Mit ihr konnte ich Frieden finden über die letzte Schwangerschaft. Ich konnte allem, was war einen Platz einräumen und mich versöhnen.
Sie wusste genau, wann ich medizinische Ratschläge brauchte, oder einfach nur seelischen Beistand. Sie arbeitete viel mit Symbolen und Bildern und half mir, dass ich mich nicht mehr vollends in der Angst verlor.
Sie half uns, Vorfreude zu entwickeln und dem Baby in meinem Bauch den Platz in der Familie einzuräumen, der ihm zustand. Aus Angst eines Verlustes vergaß ich nicht selten, meinem Sohn von seinem Bruder zu erzählen oder mir selbst Vorfreude zu erlauben und sie konnte das mit auffangen und entwickelte gemeinsam mit uns drei als Familie Rituale, um Kontakt zum Baby aufzunehmen.
Sie gab mir Sicherheit und Vertrauen in meine eigenen Instinkte zurück.
Am Ende der Schwangerschaft schaffte ich es sogar, Wünsche zu formulieren und zu hoffen, dass es diesmal anders werden könnte.
Und es kam anders. Ich bekam einen wundervollen, zweiten Sohn und durfte erleben, wie es ist, sein Kind auf natürliche Weise zur Welt zu bringen. Ich erlebte, wie sich ein „normales“ Wochenbett anfühlt und konnte mein Glück kaum glauben, dass ich meinen Sohn einfach mit nach Hause nehmen konnte.
Es folgte eine Zeit voll Glück und Trauer.
Glück über dieses Wunder, über diese Geburt, diese Art ins Leben starten zu dürfen, diesen gesunden, perfekten Sohn.
Trauer über alles, was mein Erstgeborener nicht erleben durfte.
Mir wurde bewusst, um was ich beraubt wurde und unter welchen Bedingungen er ins Leben starten musste.

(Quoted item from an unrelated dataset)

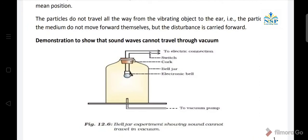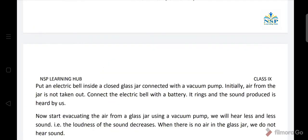Demonstration to show that sound waves cannot travel through vacuum: Put an electric bell inside a closed jar connected with a vacuum pump. Initially, air from the jar is not taken out. Connect the electric bell with a battery — it rings and the sound produced is heard by us. Now start evacuating the air from the glass jar using a vacuum pump.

Dieser Zwiespalt der Gefühle wurde auch im Wochenbett von dieser Hebamme aufgefangen. Alles durfte sein. Freude und Trauer, Glück und Leid. Und vor allem Heilung. Seelisch und körperlich.
Ich konnte mich mit meiner Geschichte versöhnen, nachdem ich durch all diese Gefühle immer wieder gegangen bin.
Am Ende überwog die Dankbarkeit
Diese beiden Geburten werden, so unterschiedlich sie waren, immer zu meiner und ihrer Geschichte gehören.
Diese beiden Söhne sind ein Geschenk des Himmels.
Ich wünsche jeder Schwangeren eine solche Begleitung und möchte Mut machen, wenn du traumatisiert bist oder starke Ängste hast, nicht alleine da durch zu gehen. Alleine hätte ich diese Zeit nicht so gut überstehen können.
Die Leistung dieser Hebammen wird komplett von der Kasse übernommen.